◆ WHAT THE TASK ASKS ◆
From the first line below to the last, reproduce the material exactly and leave out the images.

◆ GIVEN DATA ◆
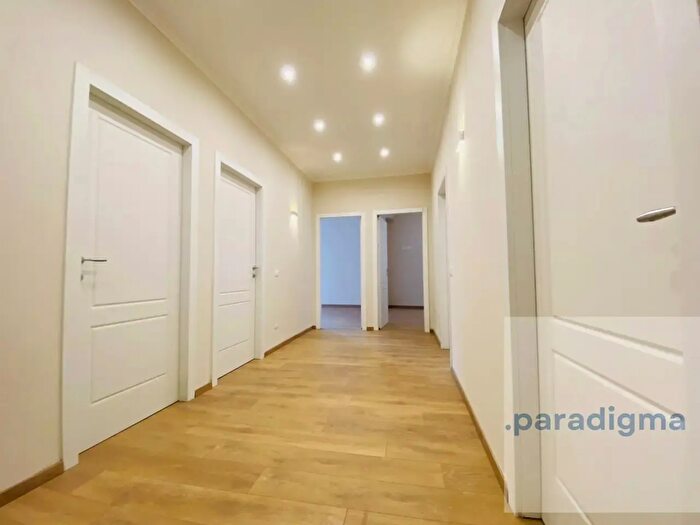 Appartamento con 5 locali in vendita in Bordighera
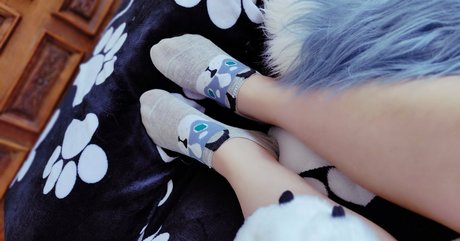 曲線美の女の子オンリーファンズ ポルノ 画像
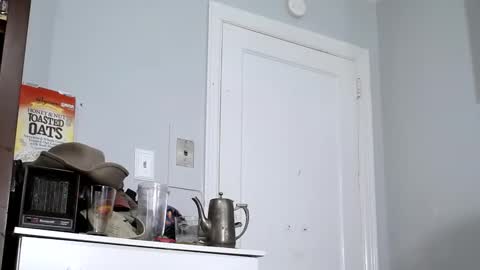 Snapshot of hotbaldcock49 chatting on 09.10.25 Pete Mitchell online show from 09.10.25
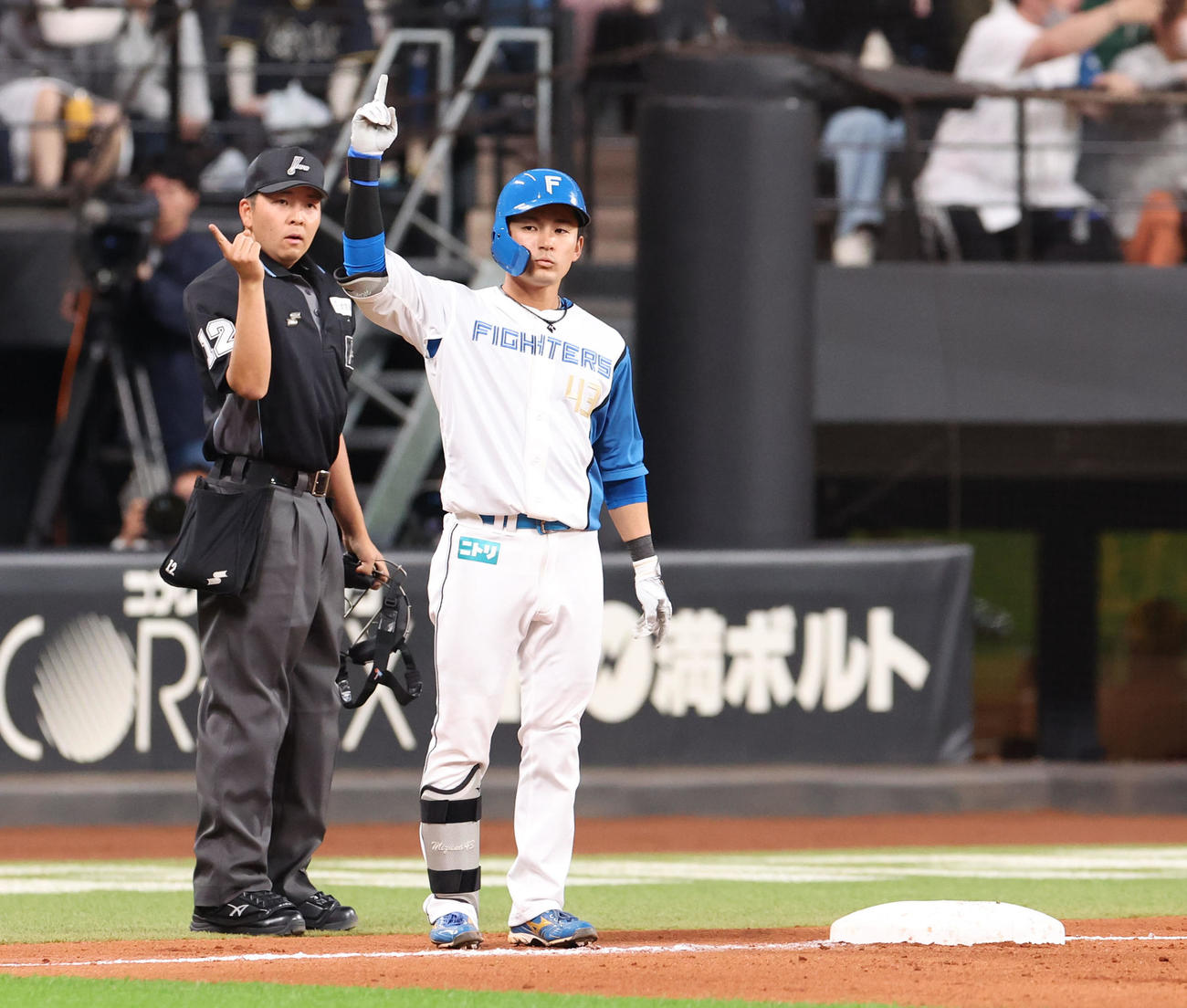日本ハム対オリックス　4回裏日本ハム1死一塁、水野は左越え2点本塁打を放つも気づかず三塁上でポーズをとる（撮影・佐藤翔太）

◆ ANSWER TO THE EXERCISE ◆
 Appartamento con 5 locali in vendita in Bordighera
 曲線美の女の子オンリーファンズ ポルノ 画像
 Snapshot of hotbaldcock49 chatting on 09.10.25 Pete Mitchell online show from 09.10.25
日本ハム対オリックス　4回裏日本ハム1死一塁、水野は左越え2点本塁打を放つも気づかず三塁上でポーズをとる（撮影・佐藤翔太）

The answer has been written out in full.